#### [EXERCISE PROMPT]
Could you retype exactly the lines below between the one holding "New York at" and the one holding "IPX8 Universal Vattentätt", inclusive, leaving out any pictures?

#### [DATASET CONTENT]
○ ○ ○ ○
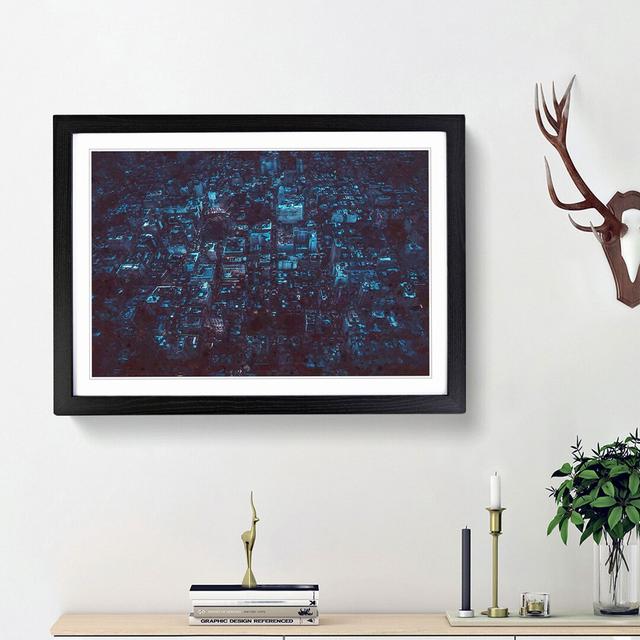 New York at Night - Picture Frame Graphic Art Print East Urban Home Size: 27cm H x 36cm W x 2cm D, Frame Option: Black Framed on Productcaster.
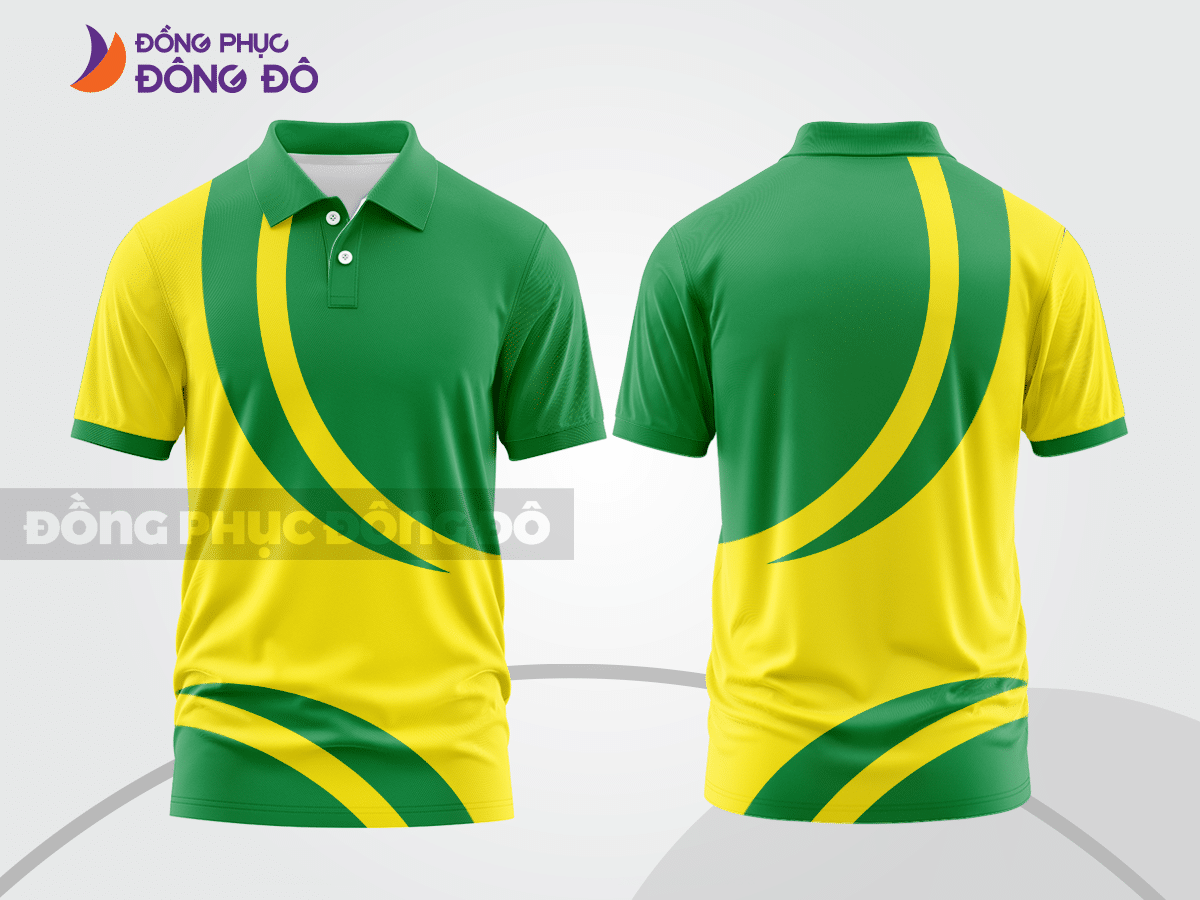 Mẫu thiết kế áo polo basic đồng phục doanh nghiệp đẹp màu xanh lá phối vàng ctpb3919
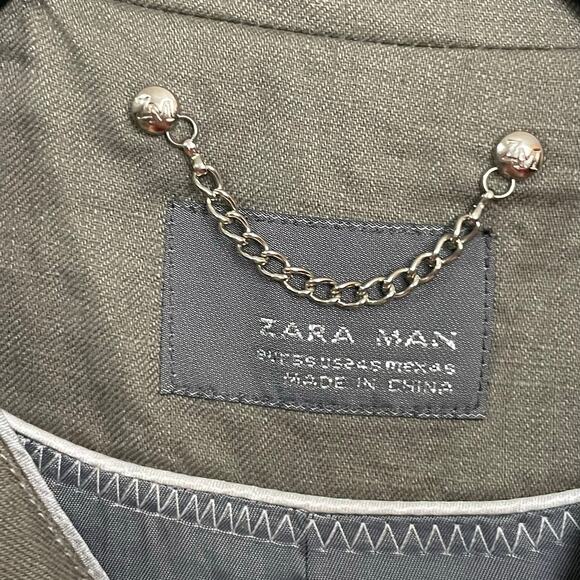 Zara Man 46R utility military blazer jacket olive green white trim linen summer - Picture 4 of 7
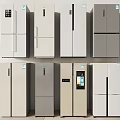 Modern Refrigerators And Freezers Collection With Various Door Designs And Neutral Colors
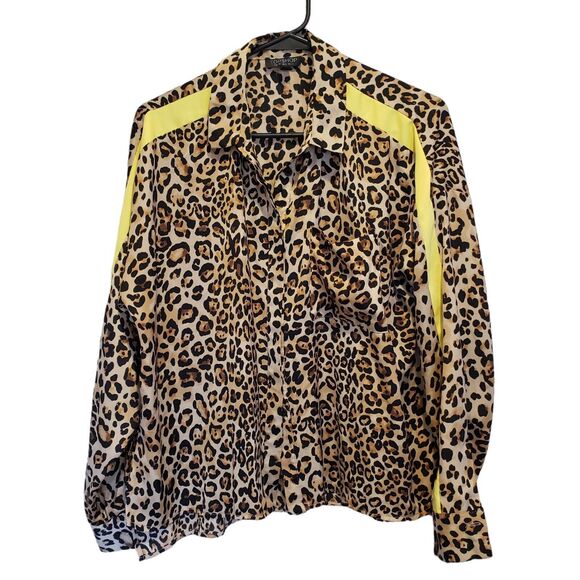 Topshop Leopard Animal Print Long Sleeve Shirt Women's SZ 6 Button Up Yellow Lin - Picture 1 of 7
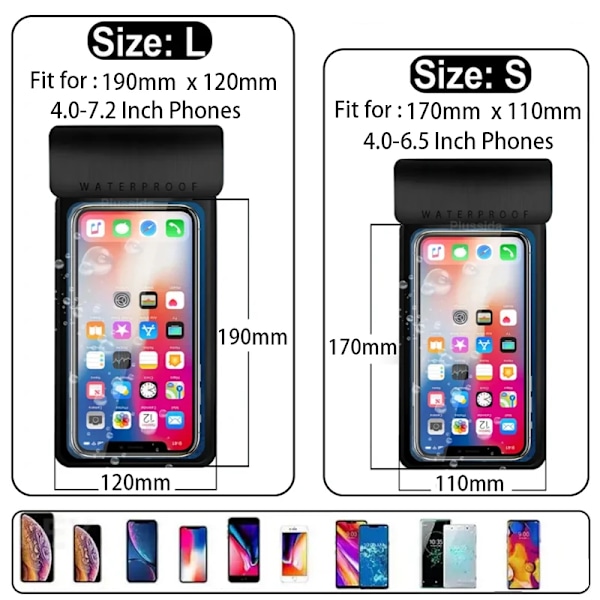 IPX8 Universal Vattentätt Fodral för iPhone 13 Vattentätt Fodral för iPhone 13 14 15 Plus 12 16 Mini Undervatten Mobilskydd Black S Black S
○ ○ ○ ○
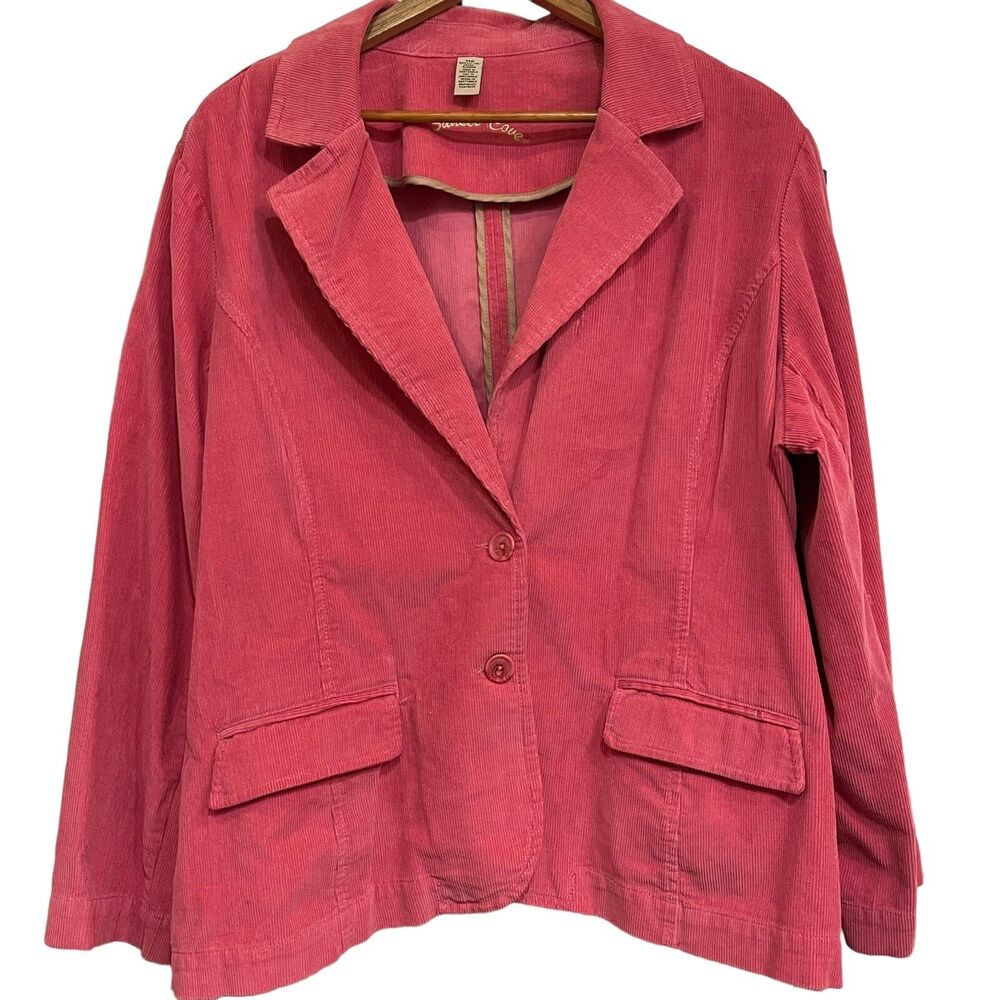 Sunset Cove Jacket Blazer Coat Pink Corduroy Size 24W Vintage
○ ○ ○ ○
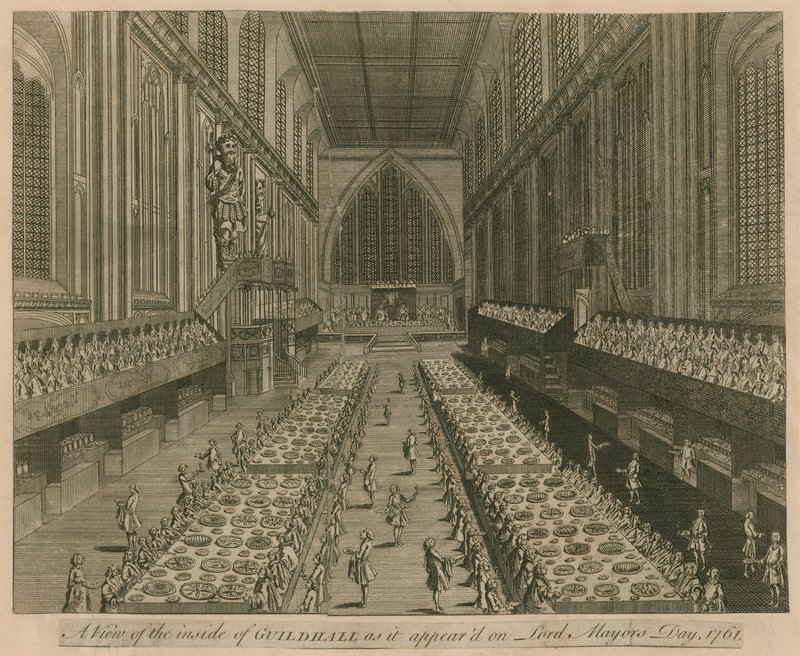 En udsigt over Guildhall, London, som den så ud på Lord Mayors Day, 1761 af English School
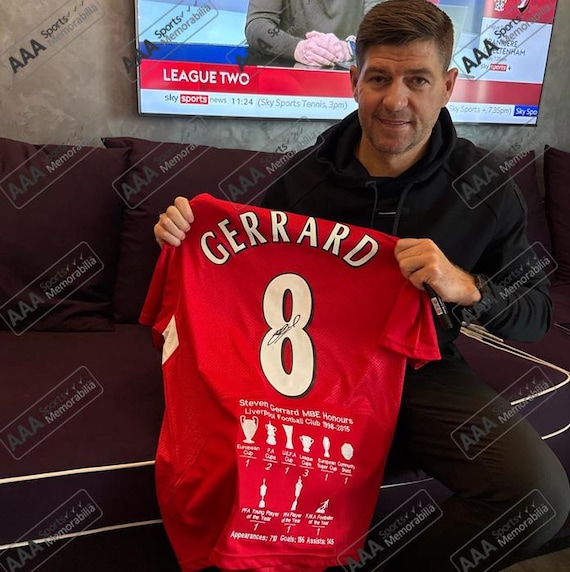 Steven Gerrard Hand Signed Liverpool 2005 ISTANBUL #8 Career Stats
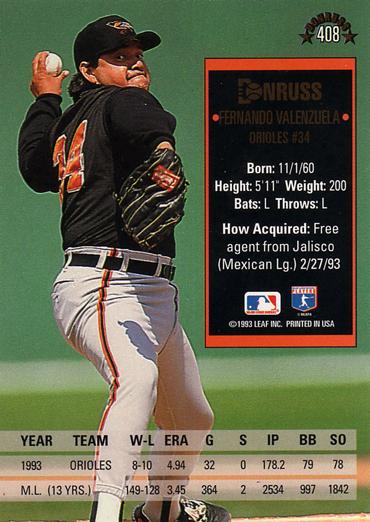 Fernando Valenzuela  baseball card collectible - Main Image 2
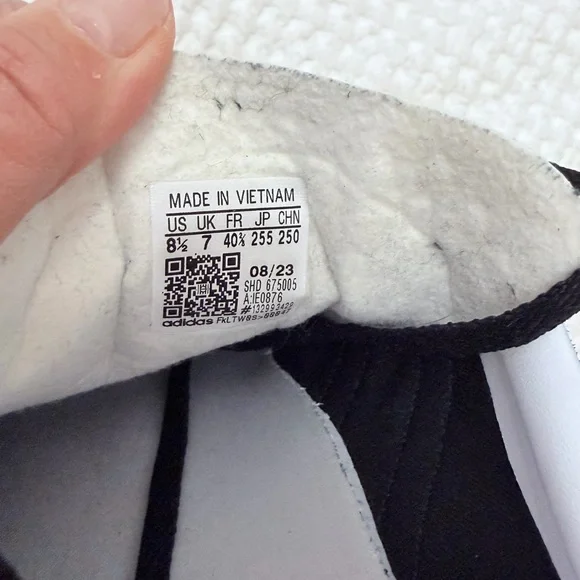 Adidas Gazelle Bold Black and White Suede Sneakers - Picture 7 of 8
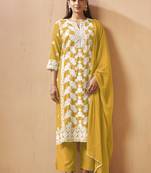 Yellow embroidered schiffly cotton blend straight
○ ○ ○ ○
#### [RESULT BELOW]
 New York at Night - Picture Frame Graphic Art Print East Urban Home Size: 27cm H x 36cm W x 2cm D, Frame Option: Black Framed on Productcaster.
 Mẫu thiết kế áo polo basic đồng phục doanh nghiệp đẹp màu xanh lá phối vàng ctpb3919
 Zara Man 46R utility military blazer jacket olive green white trim linen summer - Picture 4 of 7
 Modern Refrigerators And Freezers Collection With Various Door Designs And Neutral Colors
 Topshop Leopard Animal Print Long Sleeve Shirt Women's SZ 6 Button Up Yellow Lin - Picture 1 of 7
 IPX8 Universal Vattentätt Fodral för iPhone 13 Vattentätt Fodral för iPhone 13 14 15 Plus 12 16 Mini Undervatten Mobilskydd Black S Black S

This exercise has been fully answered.